Fabio Aru et Christopher Froome, la polémique enfle
La neuvième étape entre Nantua et Chambéry a donné lieu à une situation des moins fair-play. Victime d’un problème mécanique dans la dernière ascension, Christopher Froome (Sky) lève la main pour prévenir au plus vite sa voiture d’assistance. Dans sa roue, Fabio Aru (Astana) semble ne pas s’en préoccuper et attaque à ce moment précis. L’Italien a-t-il vu la défaillance du maillot jaune ? Vraisemblablement non, puisque selon ses dires, il aurait stoppé sa chevauchée en apprenant à l’oreillette les problèmes du tenant du titre. Propos confirmés par l’image. Mais aussitôt Christopher Froome revenu au sein du peloton, il assène un coup de coude violent au champion d’Italie.
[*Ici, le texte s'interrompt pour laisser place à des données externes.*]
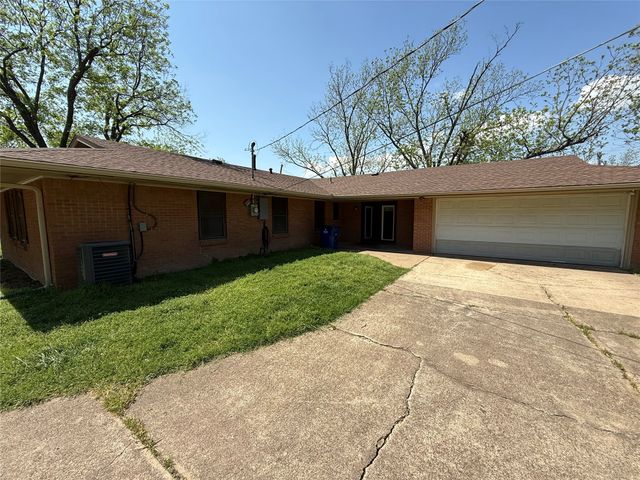 1412 Hillcrest Street, Ennis, TX 75119
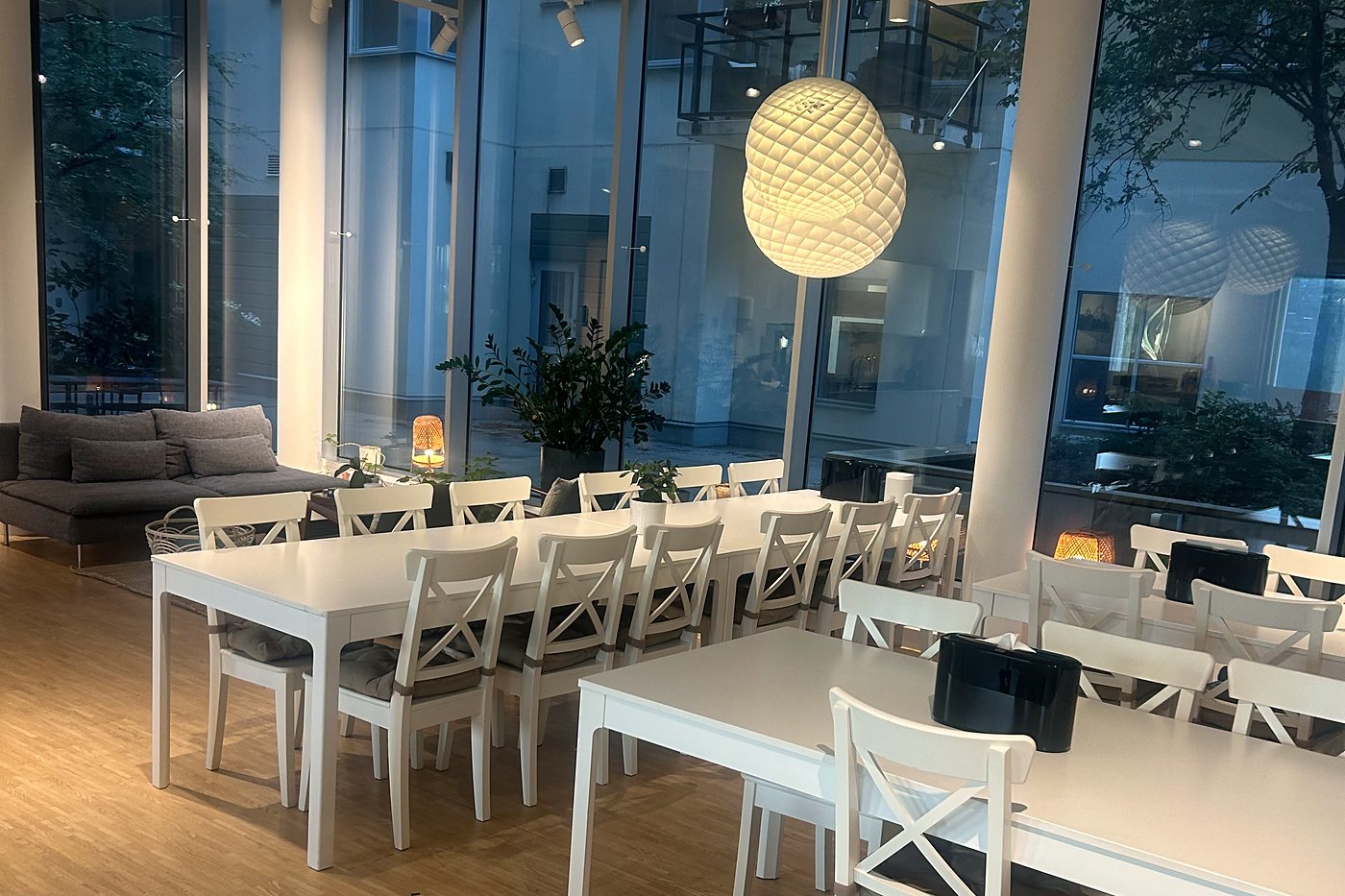 Kontorets matsal med långbord, städad inför morgondagen
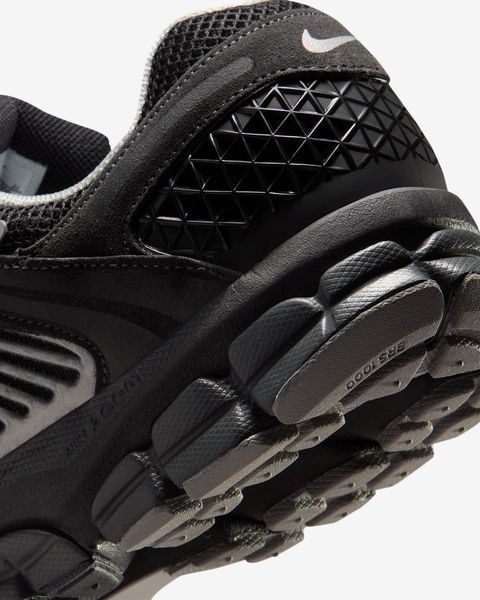 Оригинальные мужские кроссовки Nike Zoom Vomero 5 "Anthracite/Chrome/Flat Silver/Black" (HF1553-006) HF1553-006 фото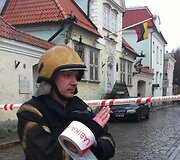 Prie Lietuvos ambasados Taline ie&scaron;koma sprogmenų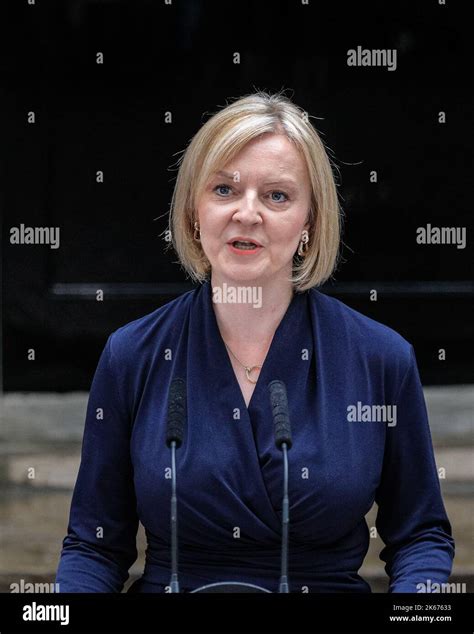 Liz Truss Downing Street Fotos Und Bildmaterial In Hoher Aufl Sung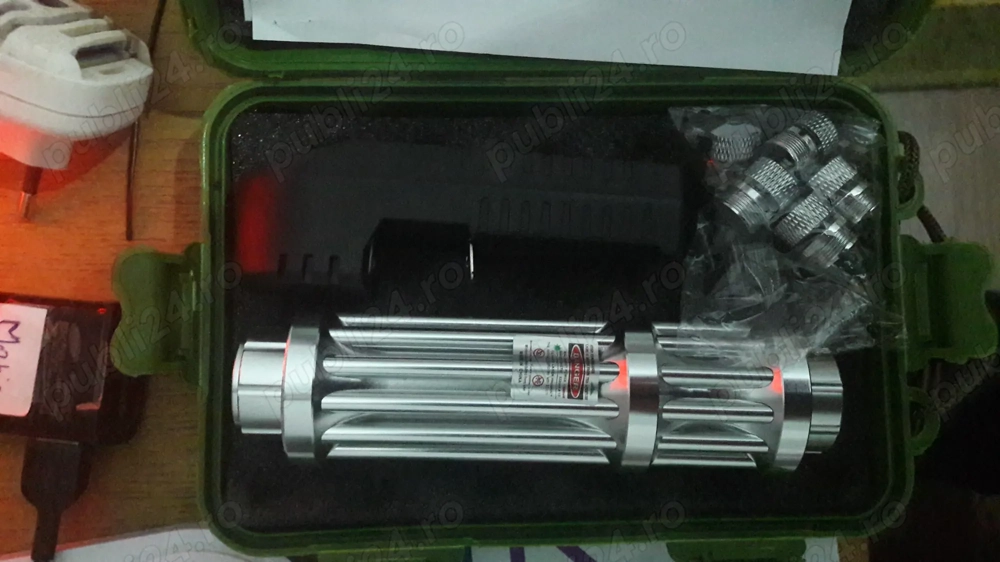 Lanternă laser pointer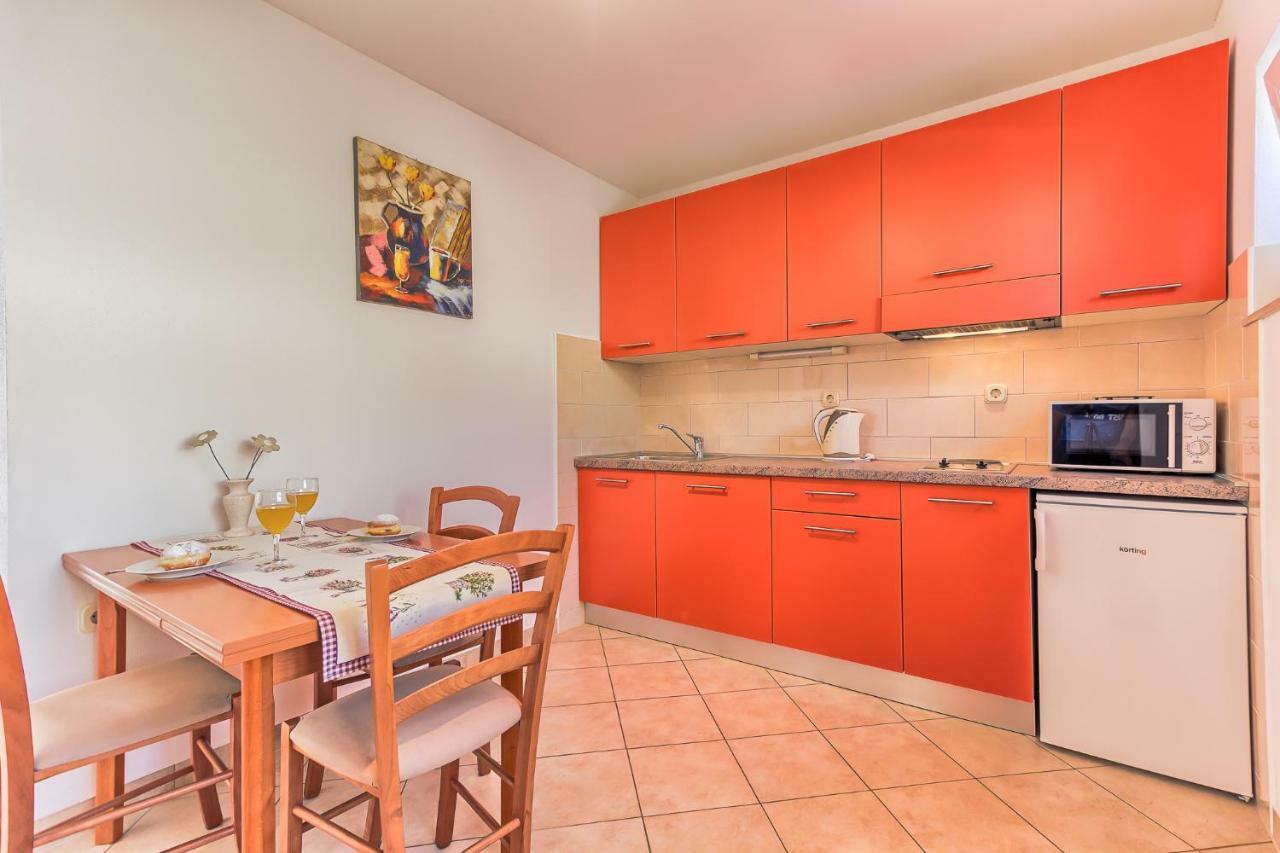 Apartments Katarina Bol Exterior photo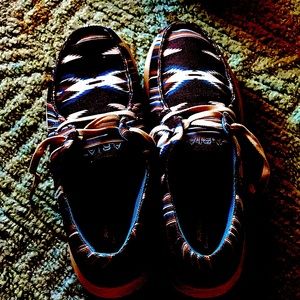 They’re good looking shoes no problem my kid just didn’t want them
Geste volontaire ou de déséquilibre ? À l’arrivée, le maillot jaune annonce ne pas avoir vu l’attaque de l’italien et explique son geste peu sportif par un déséquilibre à cause d’un spectateur. Affaire à suivre entre le premier et le second du classement général.
Le point sur les classements annexes
Maillot vert – Après l’exclusion de Peter Sagan, l’abandon de Mark Cavendish et la disqualification d’Arnaud Démare, le chemin semble être tout tracé pour Marcel Kittel qui compte 52 points d’avance sur Michael Matthews (Sunweb). Une avance confortable mais largement pas suffisante pour assurer la victoire de l’allemand. A suivre dans le prochain massif montagneux où il faudra s’échapper pour faire la chasse aux points.
Maillot à pois – Après sa chevauchée fantastique conclue par une second place à Chambéry, Warren Barguil (Sunweb) porte le maillot de meilleur grimpeur. Solidement attaché sur les épaules du français, le maillot à pois est convoité par de nombreux coureurs comme Primoz Roglic (Lotto-NL Jumbo), second du classement. Avec 30 points d’avance sur son dauphin, Warren Barguil aura maintenant à cœur de défendre cette tunique. Prochain grand rendez-vous dans les Pyrénées.
Maillot blanc – Le classement du meilleur jeune est dominé par Simon Yates (Orica-Scott). Avec 2’52 » d’avance sur le deuxième, Louis Meintjes (UAE Emirates), le jeune britannique a pris une sérieuse option sur la tunique blanche. Le frangin du tenant du titre a fait forte impression en début de Tour. Histoire à suivre dans les Pyrénées qui sera un passage déterminant pour l’acquisition du maillot du meilleur jeune.